The major reason why they don’t wear the mask is simply that they can be very uncomfortable breathing while wearing it. AI-driven masks automatically adjust the trade-off between the filtering efficiency and comfortability to satisfy the users’ dynamic condition and enviornment change. The adaptable face masks are expected to help more people wear masks regularly and potentially reduce the spread of COVID-19.
Image Credit: Drazen Zigic/Shutterstock.com
What further research needs to be carried out before these personalized facemasks can be readily available?
Miniaturization of the mask and to shed light on the use of the face mask in the market. Technological advancements often tend to hide the technology itself from our sight. Light enough, small enough, and therefore oblivious technologies, can offer pure utility on their own without distracting the user. This philosophy is leading our team to discover further various engineering options to minimize the entire system and improve the user experience.
What are the next steps in your research?
Together with the miniaturization, we are trying to discover various elastic materials to endow next-level functionality to the stretchable air filter, one key part of our system. For example, we may make an air filter that can generate even a small amount of electricity as a result of the mechanical modulation of the air filter.
Or, we may focus on self-healable materials to enhance the long-term usability and mechanical stability of the stretchable air filter. Most of all, we are expecting active cooperation with medical experts from every corner of the globe to transfer our technology to the industry.
Where can readers find more information?
More detailed information on the AI-driven smart face mask can be found in the recent publication
“Dynamic Pore Modulation of Stretchable Air Filter for Machined Learned Adaptive Respiratory Protection”, ACS Nano, in press, 2021. [doi/10.1021/acsnano.1c06204]

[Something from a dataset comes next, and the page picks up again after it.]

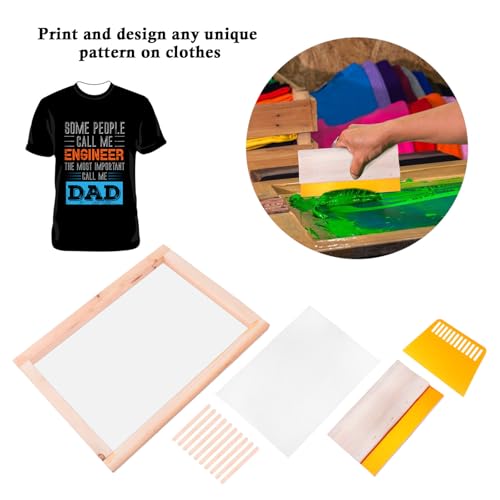 SUPVOX Screen Printing Starter Kit with Wood Silk Screen Frame, Transparency Inkjet Film, Squeegee and Wood Stick for Fabric Printing and Craft Projects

A further related study from our group on the transparent and reusable filter can be found in our previous publication “High Efficiency, Transparent, Reusable and Active PM2.5 Filters by Hierarchical Ag Nanowire Percolation Network”, Nano Letters, 17, 4339-4346, 2017. [doi/10.1021/acs.nanolett.7b01404]

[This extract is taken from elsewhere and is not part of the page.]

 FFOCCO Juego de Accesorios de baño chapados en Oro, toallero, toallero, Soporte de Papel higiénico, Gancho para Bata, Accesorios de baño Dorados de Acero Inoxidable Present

About Professor Seung Hwan Ko
Seung Hwan Ko is a professor in Applied Nano & Thermal Science (ANTS) Lab, Mechanical Engineering department., Seoul National University, Korea. Before joining Seoul National University, he had been a faculty at KAIST, Korea since 2009. He received his Ph.D. degree in mechanical engineering from UC Berkeley in 2006.
He worked as a postdoc at UC Berkeley until 2009. His current research interests are functional filters (variable pore filter, transparent filter, reusable filter, stretchable filter, antibacterial filter), wearable electronics, stretchable/flexible electronics, VR/AR technologies.